Opinión

Va de libros

UN PERIÓDICO me pide que recuerde en sus páginas los libros que marcaron mis veranos. Como pocas cosas me gustan más que hacer metaliteratura, paso tiempo estimulando la memoria para que escupa el botín y arroje a mis pies aquellos libros de otros tiempos que iluminaron los días de vacaciones, sea en la hamaca del jardín, en una toalla playera o refugiada del calor en el oasis de un café. Gracias a ese ejercicio, estos días he reflexionado sobre las costumbres lectoras adquiridas durante años, que empiezan por mi tozuda resistencia a aprovisionarme de literatura en un lugar distinto a una librería: no, no quiero libros que llegan por correo o de mano de un mensajero, sino conversaciones con un librero y el camino de vuelta a casa abrazando el tesoro de mis compras. Luego está la voracidad: me comporto en las tiendas de libros como en las pastelerías, donde todo mi apetece. Después, en el momento de la lectura, leo siempre la biografía del autor que viene en la solapa, y agradezco toda información adicional y prescindible: “Terminó de redactar este libro en su casa de Connecticut”, “Tras abandonar Londres, vive y escribe en una cabaña de Gales” , “Tiene tres hijos, un marido y un perro”.  Luego viene la lectura, que siempre es un viaje feliz, porque siguiendo los consejos sabios de Alvaro Mutis, aprendí a desechar sin remordimiento los libros que no me gustan: “deje los libros que no le diviertan.

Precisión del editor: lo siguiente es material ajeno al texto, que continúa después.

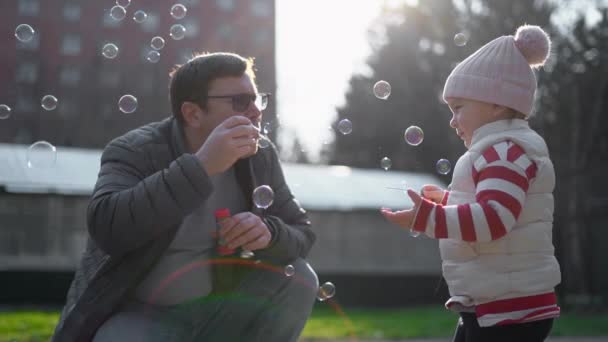 Кавказький чоловік з дитиною видував мильні бульбашки на вулиці. Повільніше. Вихідна діяльність з малюком на задньому дворі. — стокове відео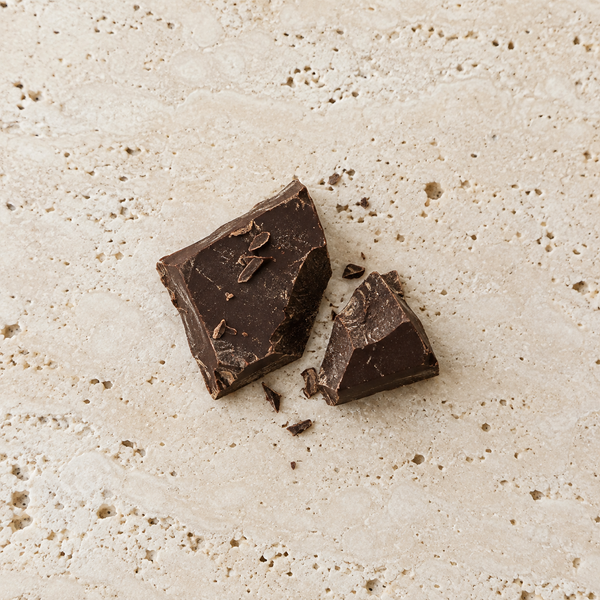 Broken dark chocolate with fine shavings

De todas formas, no le va a llegar la vida para leer todos los que le gustarían”. Y al final, cuando acabo, tengo la costumbre de pasar la mano por la cubierta trasera de los volúmenes que me han agradado especialmente. No lo hago con todos: esas palmaditas en el lomo las reservo para textos que me han emocionado y que sé que voy a recordar mientras viva. Ayer, mi caricia se la llevó un libro sorprendente, “El maestro Juan Martínez, que estuvo allí”, de Chaves Nogales, que les recomiendo para este verano al que aún le quedan semanas y libros.